Mit Beschluß vom 24.3.1993 verpflichtete das Erstgericht die Mutter (abermals), monatliche Unterhaltsbeiträge von S 3.570 für Arthur und von S 3.020 für Erik in der Zeit vom 1.10.1990 bis 30.9.1993, längstens jedoch bis zur Selbsterhaltungsfähigkeit der Kinder, zu leisten.

Da die Mutter nun tatsächlich über die ihr zustehenden Geldmittel verfügen könne, wie sie aufgrund der Aufforderung gemäß § 185 Abs 3 AußStrG bestätigt habe, sei dem neuerlichen Antrag des Vaters stattzugeben gewesen.

Diesen Beschluß bekämpfte die Mutter insoweit, als sie für den vor dem 1.4.1993 liegenden Zeitraum zu Unterhaltsleistungen verpflichtet wurde.

Das Gericht zweiter Instanz gab dem Rekurs nicht Folge und erklärte den ordentlichen Revisionsrekurs für nicht zulässig.

Rechtliche Beurteilung

Der dagegen von der Mutter erhobene (nur den Zeitraum vom 1.10.1990 bis 31.3.1993 betreffende) Revisionsrekurs ist jedoch gemäß § 14 Abs 1 AußStrG zulässig, weil weder der Inhalt des Unterhaltsfestsetzungsantrages, soweit er für den Zeitraum vom 1.10.1990 bis 31.3.1993 gestellt wurde, noch die Äußerung der Mutter eine Rechtsgrundlage dafür bieten, sie für diesen Zeitraum zu Unterhaltsleistungen zu verpflichten.

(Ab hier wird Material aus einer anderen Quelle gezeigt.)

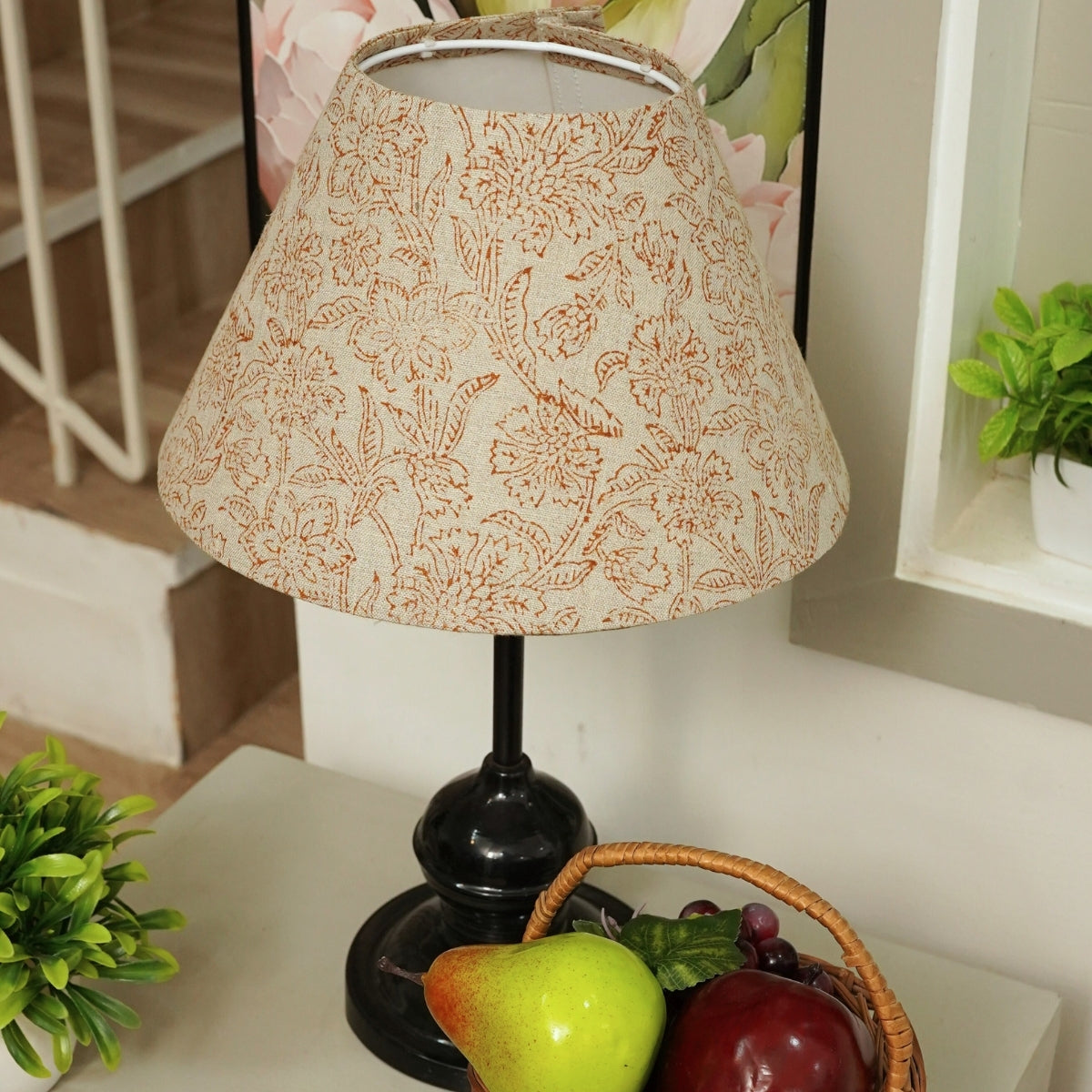 Jarul Brown Gray Floral Pure Linen Handcrafted Detachable Lampshade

Der Beschluß weicht von der Rechtsprechung des Obersten Gerichtshofes ab, daß das Gericht nach § 185 Abs 3 AußStrG nicht seiner Verpflichtung entbunden ist, die rechtlichen Voraussetzungen für eine Stattgebung des Begehrens des Antragstellers zu prüfen (EFSlg 35.130/2; EvBl 1980/87) und widerspricht der Rechtsprechung des OGH zur Frage, unter welchen Voraussetzungen von einer einmal getroffenen Unterhaltsregelung abgegangen werden kann.

Es ist daher hier unabhängig von der vom Obersten Gerichtshof nicht einheitlich gelösten Frage, ob nicht geltend gemachte Nichtigkeitsgründe aus Anlaß eines außerordentlichen Rechtsmittels unabhängig von dessen Zulässigkeit wahrzunehmen sind (vgl etwa 4 Ob 539/90, 1 Ob 676/90, 8 Ob 21,22/91), darauf Bedacht zu nehmen, daß die Unterinstanzen die Rechtskraft der Entscheidung des Gerichtes zweiter Instanz vom 18.2.1993 nicht beachtet und damit einen Nichtigkeitsgrund gesetzt haben.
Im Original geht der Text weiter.